翻译

pipeline

翻译管道用于在不同语言之间翻译文本。它支持超过100种语言。内置了自动源语言检测功能。该管道会检测每行输入文本的语言，加载源语言和目标语言组合的模型，并将文本翻译为目标语言。

示例

以下展示了一个使用此管道的简单示例。

from txtai.pipeline import Translation

# 创建并运行管道
translate = Translation()
translate("This is a test translation into Spanish", "es")

请参阅以下链接以获取更详细的示例。

笔记本	描述
在语言之间翻译文本	简化机器翻译和语言检测

配置驱动的示例

管道可以通过Python或配置运行。管道可以通过配置使用管道的类名的小写形式进行实例化。
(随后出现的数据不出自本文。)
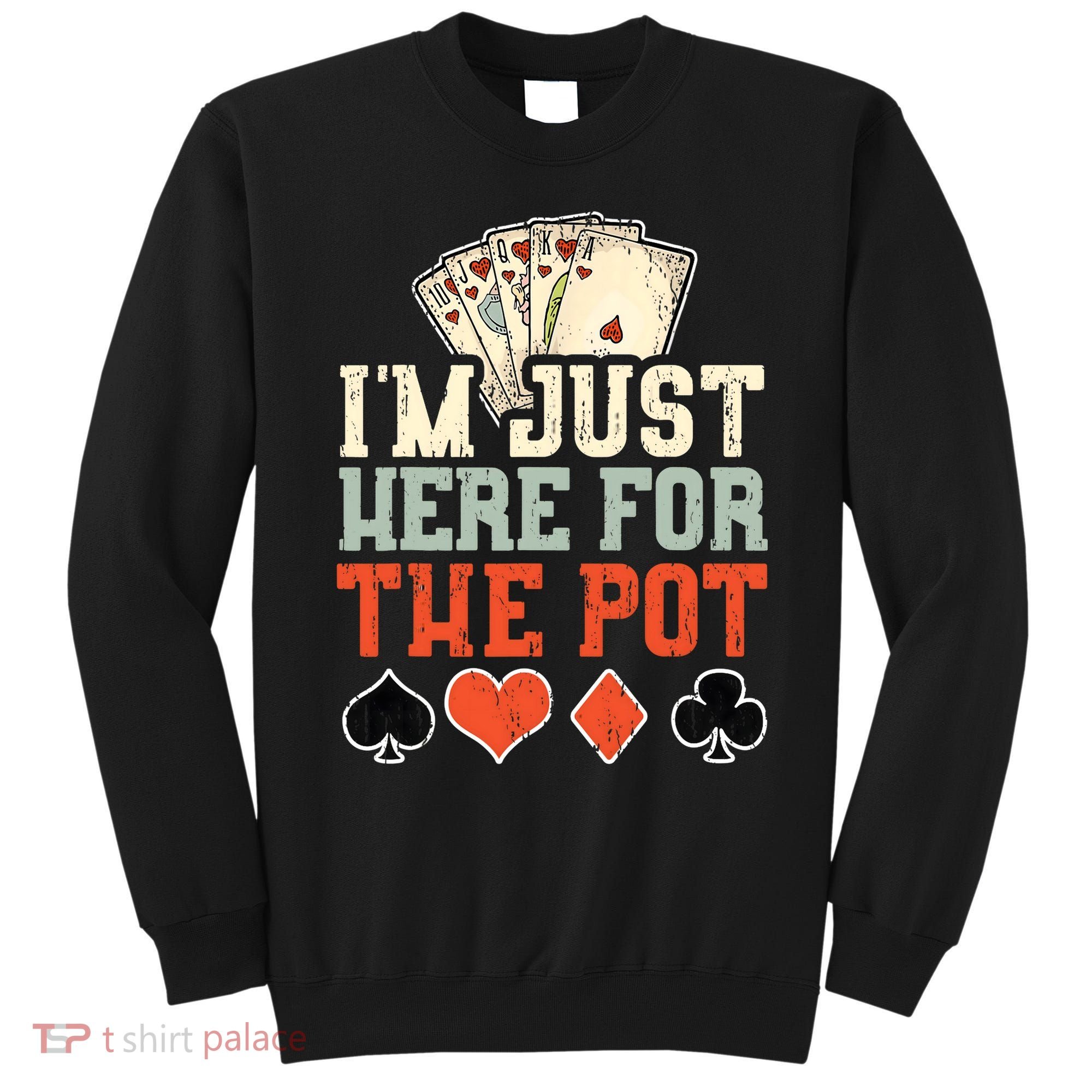 I'm Just Here For The Pot - Poker Sweatshirt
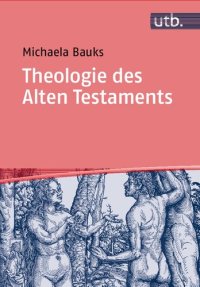 cover of the book Theologie des Alten Testaments: Religionsgeschichtliche und bibelhermeneutische Perspektiven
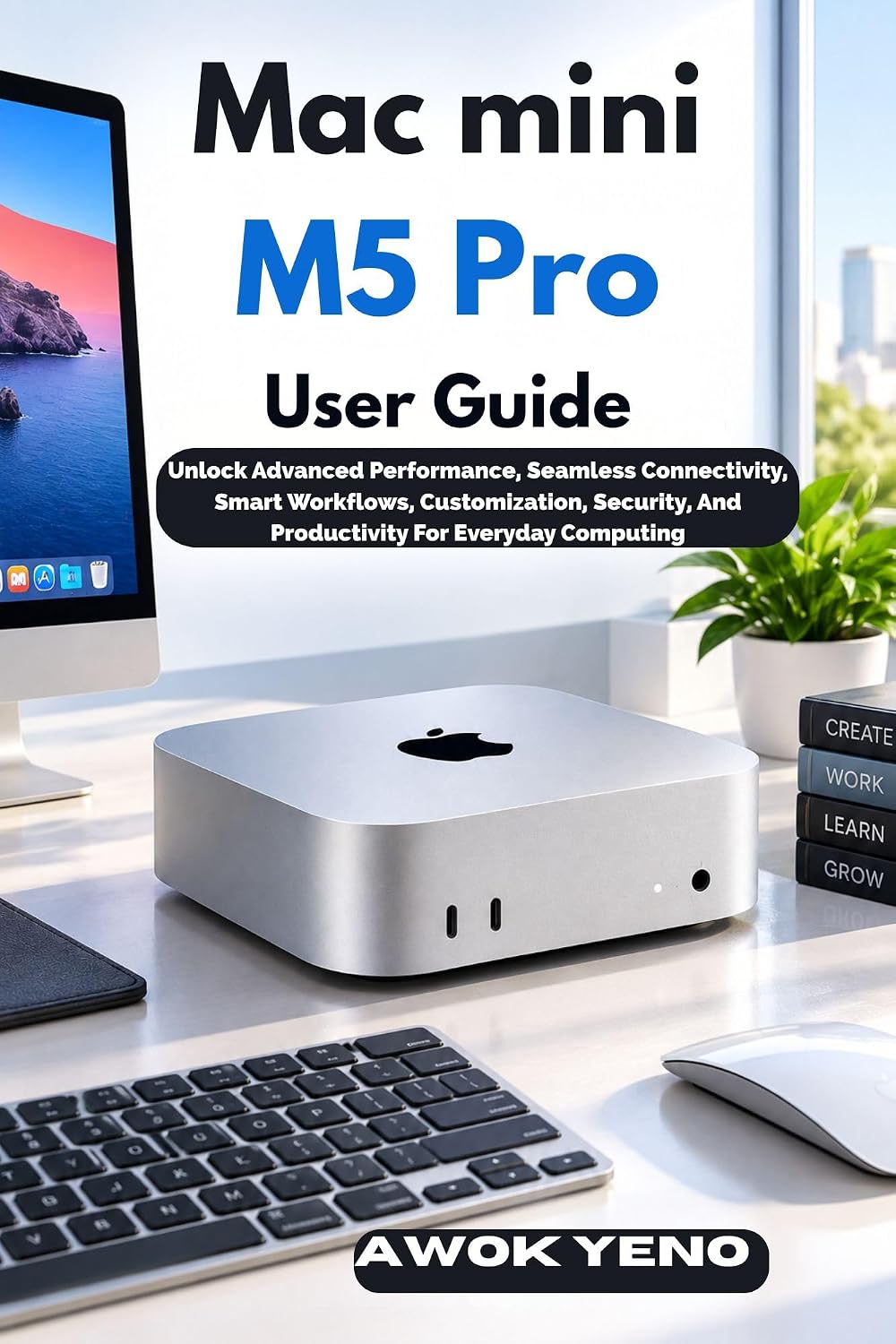 ler totalmente Mac mini M5 Pro User Guide: Unlock Advanced Performance, Seamless Connectivity, Smart Workflows, Customization, Security, And Productivity For Everyday Computing (English Edition)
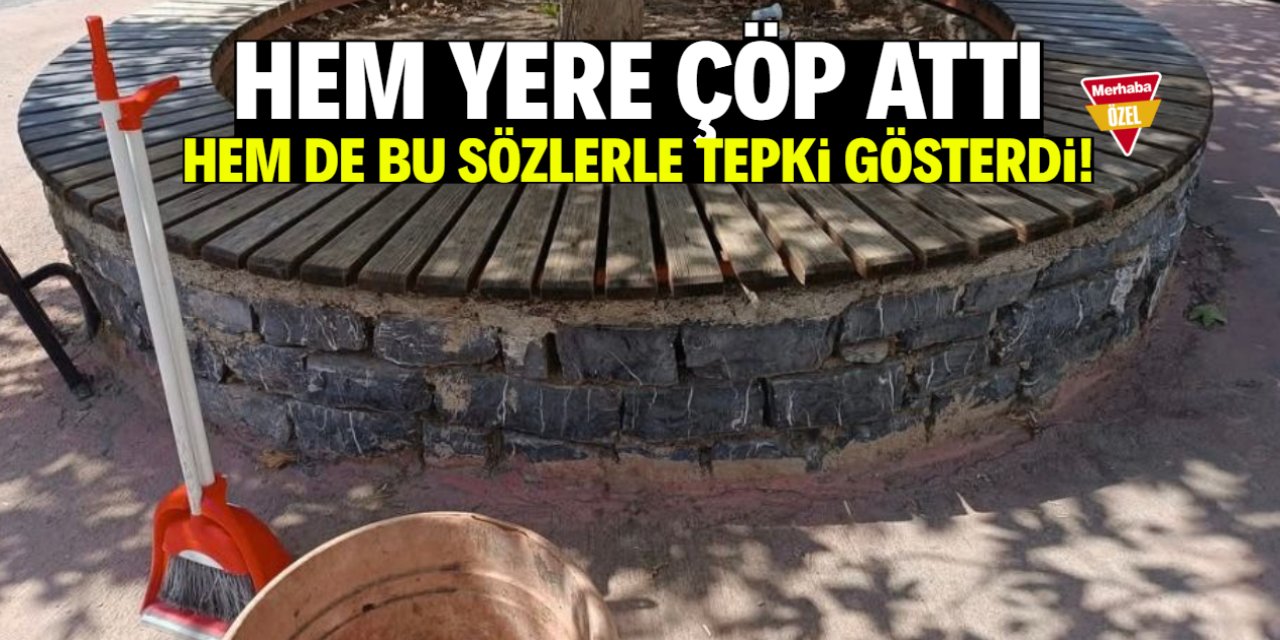 Duyarlı vatandaşa 'Belediye görevlisi misin' tepkisi!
配置驱动的管道可以通过工作流或API运行。

config.yml

# 使用类名的小写形式创建管道
translation:

# 使用工作流运行管道
workflow:
  translate:
    tasks:
      - action: translation
        args: ["es"]

使用工作流运行

from txtai import Application

# 使用工作流创建并运行管道
app = Application("config.yml")
list(app.workflow("translate", ["This is a test translation into Spanish"]))

使用API运行

CONFIG=config.yml uvicorn "txtai.api:app" &

curl \
  -X POST "http://localhost:8000/workflow" \
  -H "Content-Type: application/json" \
  -d '{"name":"translate", "elements":["This is a test translation into Spanish"]}'

方法

管道的Python文档。

`init(path=None, quantize=False, gpu=True, batch=64, langdetect=None, findmodels=True)`

Constructs a new language translation pipeline.

Parameters:

Name	Description	Default
`path`	optional path to model, accepts Hugging Face model hub id or local path, uses default model for task if not provided	`None`
`quantize`	if model should be quantized, defaults to False	`False`
`gpu`	True/False if GPU should be enabled, also supports a GPU device id	`True`
`batch`	batch size used to incrementally process content	`64`
`langdetect`	set a custom language detection function, method must take a list of strings and return language codes for each, uses default language detector if not provided	`None`
`findmodels`	True/False if the Hugging Face Hub will be searched for source-target translation models	`True`

Source code in txtai/pipeline/text/translation.py

def __init__(self, path=None, quantize=False, gpu=True, batch=64, langdetect=None, findmodels=True):
    """
    Constructs a new language translation pipeline.

    Args:
        path: optional path to model, accepts Hugging Face model hub id or local path,
              uses default model for task if not provided
        quantize: if model should be quantized, defaults to False
        gpu: True/False if GPU should be enabled, also supports a GPU device id
        batch: batch size used to incrementally process content
        langdetect: set a custom language detection function, method must take a list of strings and return
                    language codes for each, uses default language detector if not provided
        findmodels: True/False if the Hugging Face Hub will be searched for source-target translation models
    """

    # Call parent constructor
    super().__init__(path if path else "facebook/m2m100_418M", quantize, gpu, batch)

    # Language detection
    self.detector = None
    self.langdetect = langdetect
    self.findmodels = findmodels

    # Language models
    self.models = {}
    self.ids = self.modelids()

`call(texts, target='en', source=None, showmodels=False)`

Translates text from source language into target language.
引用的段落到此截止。